2 East Camino Real, Suite 202
Boca Raton, Florida 33432
561-416-8956 Telephone;
561-416-2855 Facsimile
NOT APPLICABLE
(Former Name or Former Address, if Changed Since Last Report)
World Health Alternatives, Inc. is referred to herein as "the Company", "us", or
"we".
Item 1. Changes In Control
On February 20, 2003, we completed our acquisition of 100% of the outstanding
common stock of Better Solutions, Inc. from its two shareholders, Marc D. Roup
and Richard E. McDonald, in exchange for newly issued shares of our common
stock.
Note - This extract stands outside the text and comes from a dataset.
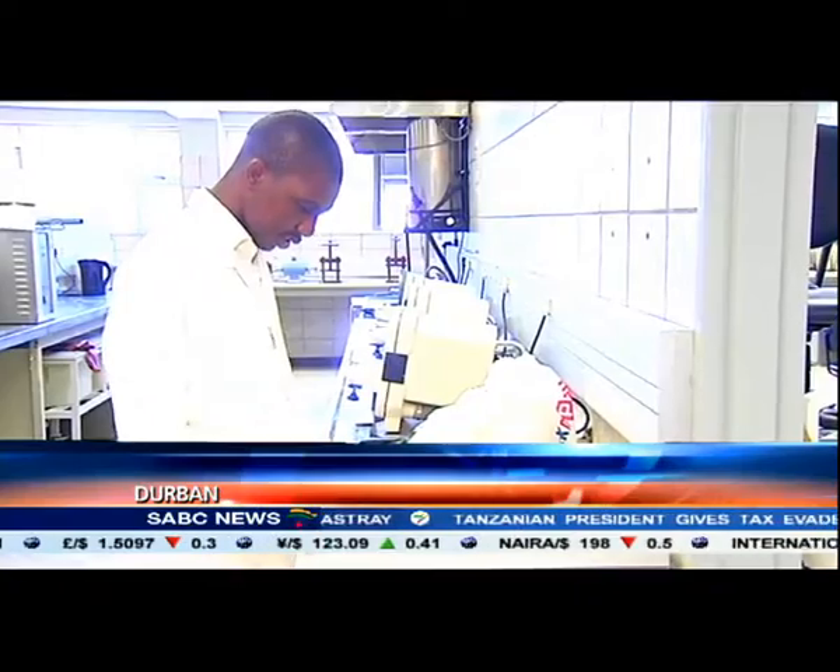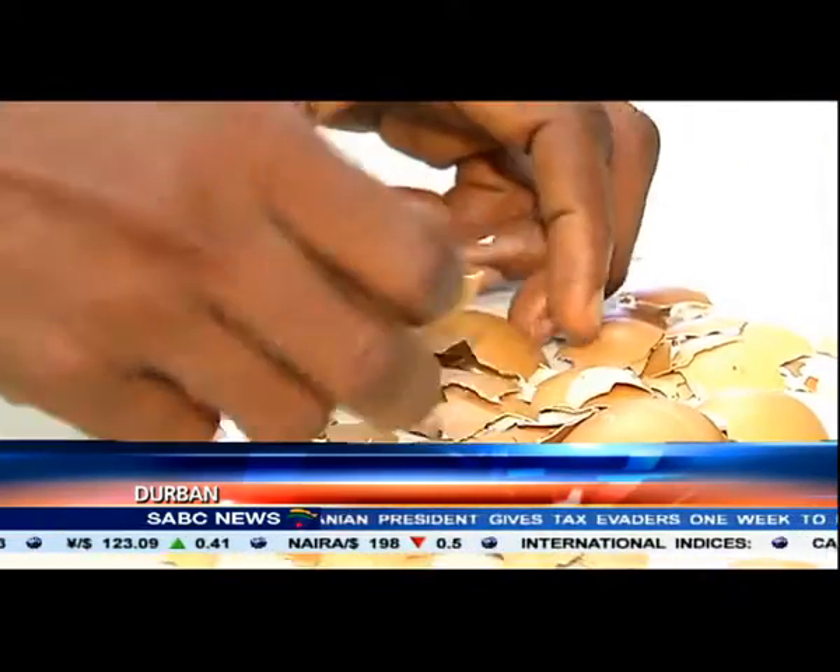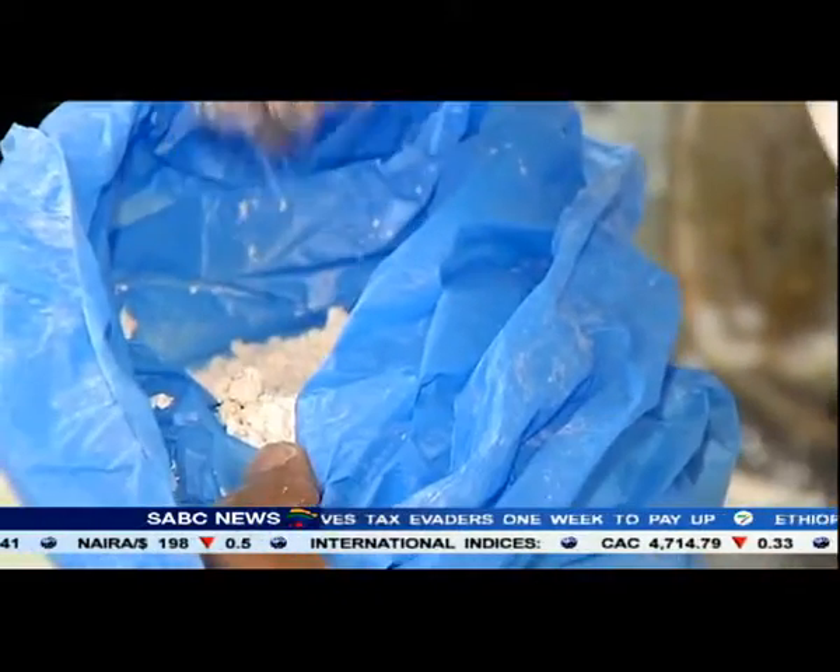Stanley Onwubu's not walking on eggshells — he's using it to polish dentures. Traditionally, pumice is used.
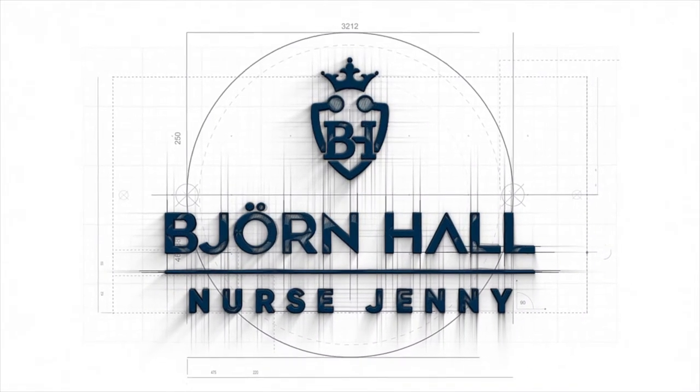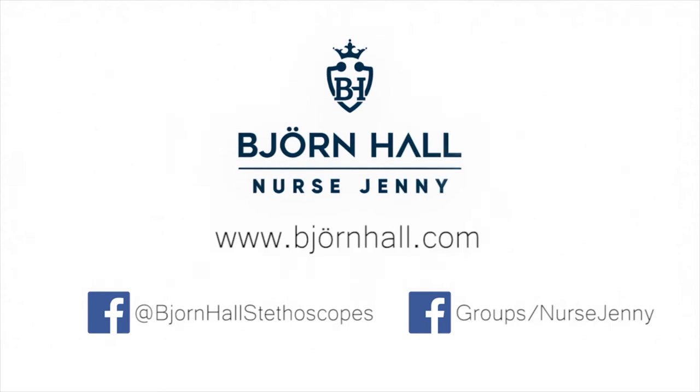So if you guys want the chance to win, find the link above or below, and good luck to everyone who entered. Here it is — the abstract print right there.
As a result of the transaction:
o Better Solutions, Inc. became our wholly owned subsidiary;
o Our previous officers and directors, Edward Siceloff and Joseph Prugh,
resigned all positions they held with us;
o Richard E. McDonald became our President, Principal Financial Officer,
Principal Accounting Officer, and Chairman of the Board of Directors;
o Marc D. Roup became our Chief Executive Officer and Director;
o We issued 16,500,000 shares of our common stock, which represents
approximately 41% of our common stock, to Richard E. McDonald;
o We issued 16,500,000 shares of our common stock, which represents
approximately 41% of our common stock, to Marc D. Roup;
o As a result of the issuance of an aggregate amount of 33,000,000
shares of stock to Marc D. Roup and Richard E. McDonald, a change in
the voting control of our common stock occurred;
o Edward Siceloff, our prior president and director, retired 39,500,000
of the 40,003,000 shares held by him after which he held 503,000
shares of our common stock;
o Joseph Prugh, our prior director, retired 8,000,000 of the 8,006,000
shares held by him after which he held 6,000 shares of our common
stock;
o Better Solutions, Inc.'s medical staffing business became integrated
into our business.
As an inducement for the shareholders of Better Solutions, Inc. to enter into
the agreement for us to acquire Better Solutions, Inc., on December 27, 2002,
Barry Gewin, the holder of 850,000 shares of our common stock, entered into an
agreement with Better Solutions, Inc., whereby Barry Gewin agreed to subject
his shares of our common stock to a lock up agreement. Barry Gewin agreed to
sell the 850,000 shares of our common stock held by him only, as follows:
a. For the first full calendar month after we complete the acquisition of Better
Solutions, Inc., Barry Gewin is allowed to sell 250,000 shares of our common
stock at his discretion. b. Beginning the period from the second month after we
complete the acquisition of Better Solutions, Inc., and until the expiration of
the sixth month, during each respective month of this period, Barry Gewin is
allowed to sell our common stock held by him at his discretion up to an amount
not to exceed twenty five (25) percent of the prior calendar month's trading
volume as reported by the OTCBB. c. After expiration of the sixth month after we
complete the acquisition of Better Solutions, Inc., Barry Gewin can sell the
shares of our common stock as he deems fit pursuant to the agreement.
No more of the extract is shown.